I'm very sensitive to scents/perfumes. My groomer suggested buying Chris Christensen's Day to Day or the Clean Start Set.

Does anyone know if these have perfume in them? Is there a heavy smell from them or are they very mild?


----------



## Mysticrealm (Jan 31, 2016)

I don't have any experience with these but I would look into Hypo shampoos. They generally don't have any perfumes to them.


----------



## Skylar (Jul 29, 2016)

Mysticrealm said:


> I don't have any experience with these but I would look into Hypo shampoos. They generally don't have any perfumes to them.


Mysticrealm, thanks for your quick response. Is Hypo shampoo a brand name for dogs?

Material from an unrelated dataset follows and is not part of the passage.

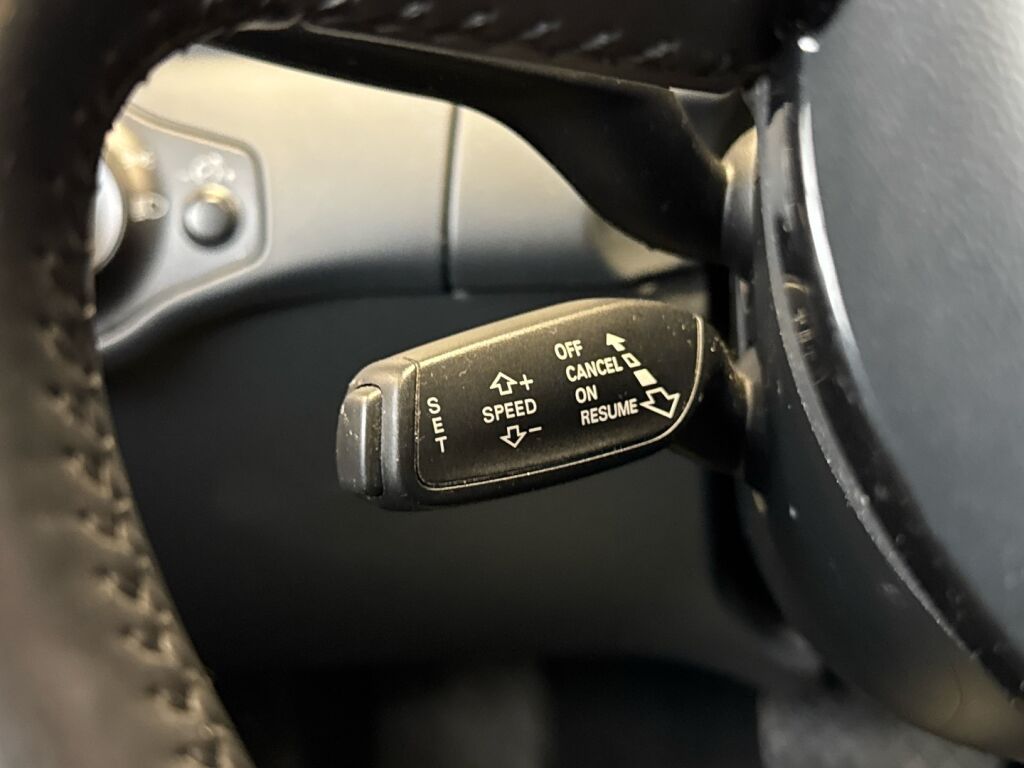 Audi A4 2013 Valkoinen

For now I've been using the same shampoo I use for myself - Free & Clear Shampoo https://www.amazon.com/Free-Clear-S...CNJJ7HBW6BM0&ie=UTF8&qid=1478488646&sr=1&th=1


----------



## zooeysmom (Jan 3, 2014)

I'm allergic to pretty much everything, and CC products are too much for me. I use Nature's Miracle shampoo/conditioner in one, Earthbath unscented shampoo, and, for Zooey sometimes, Dawn dishwashing liquid.


----------



## Skylar (Jul 29, 2016)

zooeysmom said:


> I'm allergic to pretty much everything, and CC products are too much for me. I use Nature's Miracle shampoo/conditioner in one, Earthbath unscented shampoo, and, for Zooey sometimes, Dawn dishwashing liquid.

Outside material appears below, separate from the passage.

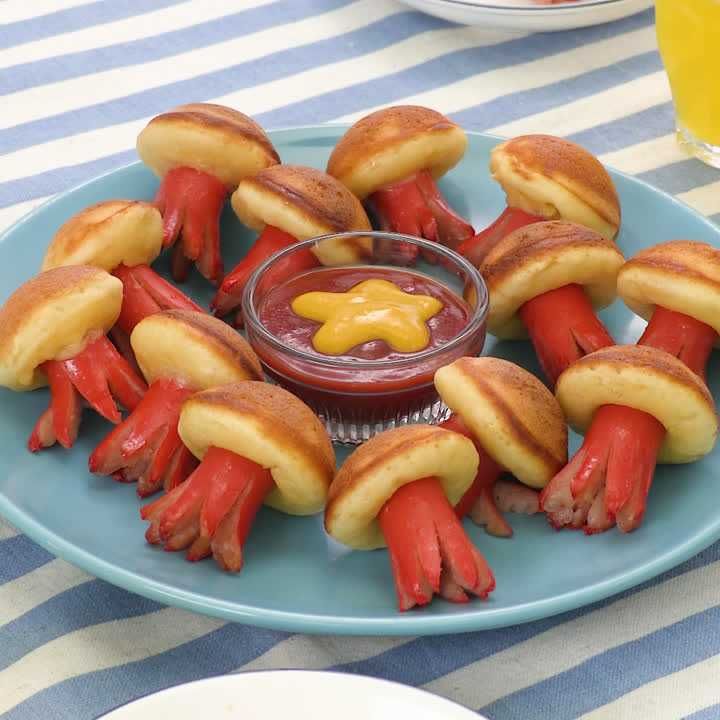 たこ焼き器で作ろう♪ たこさんドッグのレシピ動画・作り方 | デ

zooeysmom - thanks - this is what I needed to know - if that scent is too heavy, then it's not for me. I'll check out these other products.


----------



## Mysticrealm (Jan 31, 2016)

Hypo means Hypoallergenic shampoo. Most brands have a hypo shampoo. It's best if you can actually smell the shampoos to see how they will be but generally hypo shampoo is very lightly scented or not at all.


----------



## CharismaticMillie (Jun 16, 2010)

Skylar said:


> I'm very sensitive to scents/perfumes. My groomer suggested buying Chris Christensen's Day to Day or the Clean Start Set.
> 
> Does anyone know if these have perfume in them? Is there a heavy smell from them or are they very mild?


Day to Day is very mild. I don't even think it has a smell. Definitely no perfume in it. Clean Start has more of a smell. It's very clean smelling, sort of like a human clarifying shampoo might smell, but noticeable I think you'd like Day to Day. Clean Start is a cog larifying shampoo (I use it to get hairspray out after a dog show, and then follow up with a regular shampoo) while Day to Day is a better everyday shampoo. Leaves the coat nice for scissoring, too.


----------



## Skylar (Jul 29, 2016)

CharismaticMillie said:


> Day to Day is very mild. I don't even think it has a smell. Definitely no perfume in it. Clean Start has more of a smell. It's very clean smelling, sort of like a human clarifying shampoo might smell, but noticeable I think you'd like Day to Day. Clean Start is a cog larifying shampoo (I use it to get hairspray out after a dog show, and then follow up with a regular shampoo) while Day to Day is a better everyday shampoo. Leaves the coat nice for scissoring, too.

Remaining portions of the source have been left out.